Personal information
- Born: December 29, 1954 (age 71) Philippines

Skiing career
- Sport: Alpine skiing ♂
- Disciplines: Slalom, giant slalom

Olympics
- Teams: 1 – (1972)

= Ben Nanasca =

Filipino alpine skier (born 1954)

Ben Nanasca is a Filipino alpine skier who represented the Philippines at the 1972 Winter Olympics in Sapporo, Japan.

==Early life==
Ben Nanasca was born on December 29, 1954 in the Philippines. He has six siblings. Nanasca along with his cousin Juan Cipriano were adopted by New Zealanders. His family had to put him for adoption due to hardships they experienced in the Philippines and left the country in 1968 after he and his cousin were adopted.

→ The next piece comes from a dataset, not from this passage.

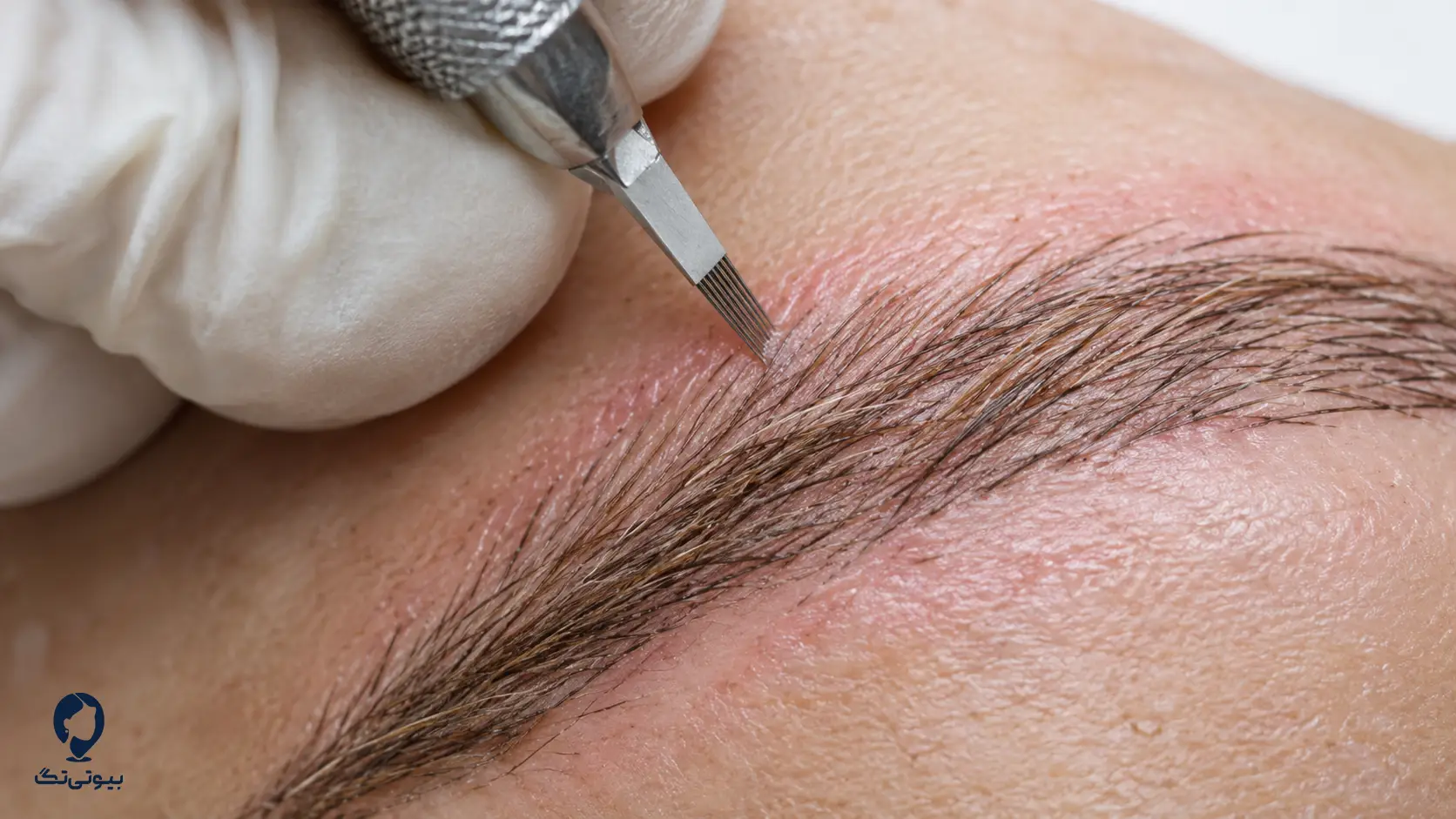 عمق کار میکروبلیدینگ در لایه سطحی پوست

Nanasca, his cousin and their adopted family resided in Andorra where the cousins skied in the Pyrenees. They later resided in Spain, France and Switzerland.

==Career==
Nanasca and Cipriano were scouted by the Swiss government and became part of an alpine skiing development group. The government sponsored their training. The two later qualified to compete at the 1972 Winter Olympics in Sapporo, Japan for the Philippines. They became the first Filipino Winter Olympians. Nanasca finished 42nd among 48 finishers in the giant slalom event with the time of 4:06.20. He did not finish in the slalom event.

==Post-Olympic==
After the Olympics, Nanasca returned to the Philippines and shortly resided there before emigrating to New Zealand at age 18. He competed in local alpine skiing races there and was part of the New Zealand team. He also worked as a teacher for a year before starting to work with Youthtown in 1985 where he organizes outdoor camps.

==Personal life==
Ben Nanasca is married to Florengel, a Filipino from Dumaguete, with whom he has two daughters; Karen and Alana.
Both daughters are ballerinas. Karen is a member of the Melbourne-based Australian Ballet.